Over the weekend I finally got to go to the Renwick Gallery in DC. I have been wanting to go for a while since it was renovated, but the line was always crazy long. After getting up early and getting some coffee, my boyfriend and I went for it.
It was truly inspiring to see some of the works there. It makes me miss having a large studio to create pieces & installations in. Maybe I can do something fun this summer in my garden or backyard. The common thread through all the artwork was how the artists used smaller things to form large impactful installations. Individually a string or a note card is only so interesting, but together they created something far more wonderful.
The first installation was by Patrick Dougherty. He tangled sticks together in large nest like creations that you could walk under and inside of.
He let the sticks guide the shapes with how they bent and formed.
After we continued to see an piece by Gabriel Dawe. These were thousands of little strings wound around hooks at the top and bottom of the room that contained them.
The colors woven into a second set of strings that ran next to it.
These tall stacks were created by Tara Donovan.
My favorite parts about these creations were when two single columns started merging into one as it grows taller.

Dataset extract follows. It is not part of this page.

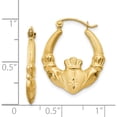 thumbnail image 5 of 14K Yellow Gold Polished And Satin Claddagh Hoop Earrings (12 X 4) Made In Indonesia te420, 5 of 6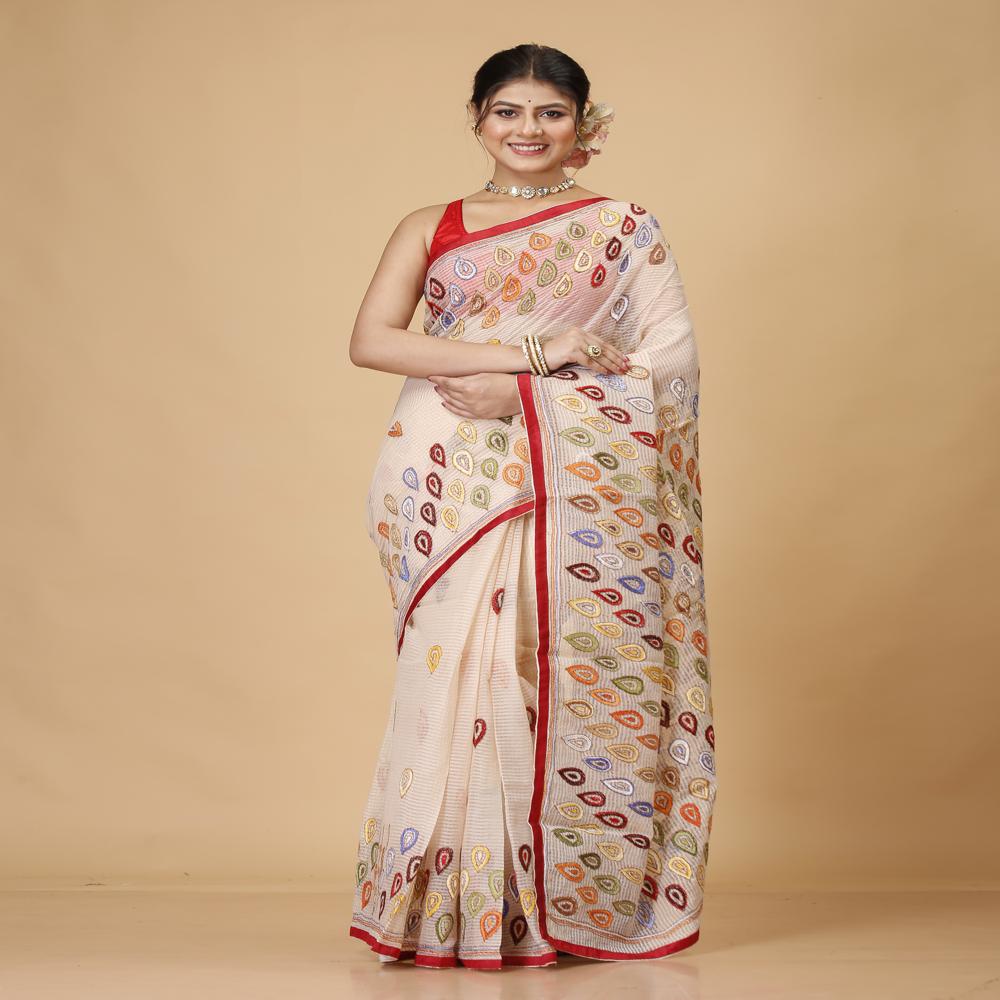 कांथा हस्त सिलाई साड़ी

They were created from tiny index cards stacked upon each other. I would love to see what these guys look like on the interior or flipped upside down. It was interesting to me how you could see slight color variations in the index cards, hues of green & blue that popped out when they were amassed together.
The lights that were above the stairs were made by Leo Villareal. He does a lot of LED light sculptures. I told my boyfriend that I just wanted ONE of these strands in my house. They were like tiny reflective mirrors. I captured a beautiful time lapse of them that I will share on instagram one of these days!

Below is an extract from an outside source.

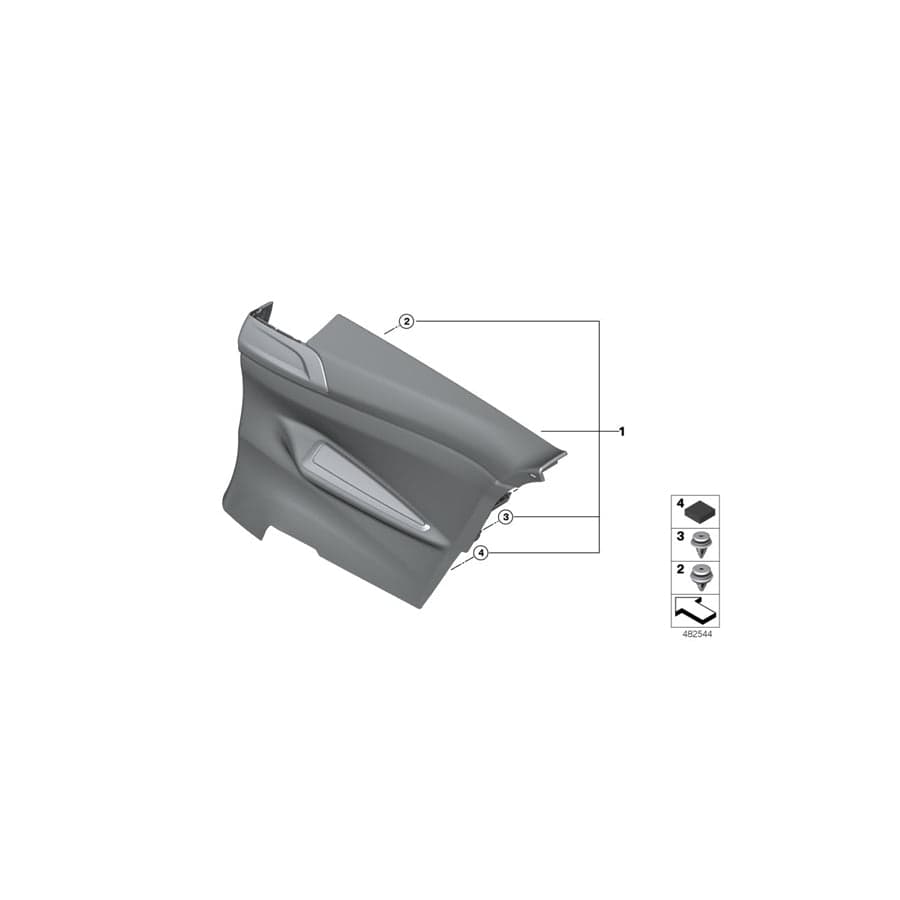 Genuine BMW 51438075428 F82 Lateral Trim Panel Rear Right (Inc. M4 CS)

Look how they hang! The structure is so secure but the lights so dainty. The contrast in the strength and the glimmer was lovely.
In the large room upstairs hung a piece by Janet Echelman. I would love to throw a party in this room underneath the large net sculpture. We laid on the ground as the lights on the wall changed the coloring in the net.
Here is the same net location 30 seconds apart.
There were kids running and playing all around us in this room. There were even some people napping underneath the vast colors. I could have stayed there another hour watching it shift so slightly.
This tree wooden piece was created by John Grade. You started at one end gazing through the center and then traveled around to the outside.
It was created by tons of little wood pieces that were placed together and sanded as one pice.
Limbs and the trunk were strung together from the ceiling. As people moved around the tree likewise moved ever so slightly.
The tree was followed by a folded Chesapeake Bay watershed by Maya Lin.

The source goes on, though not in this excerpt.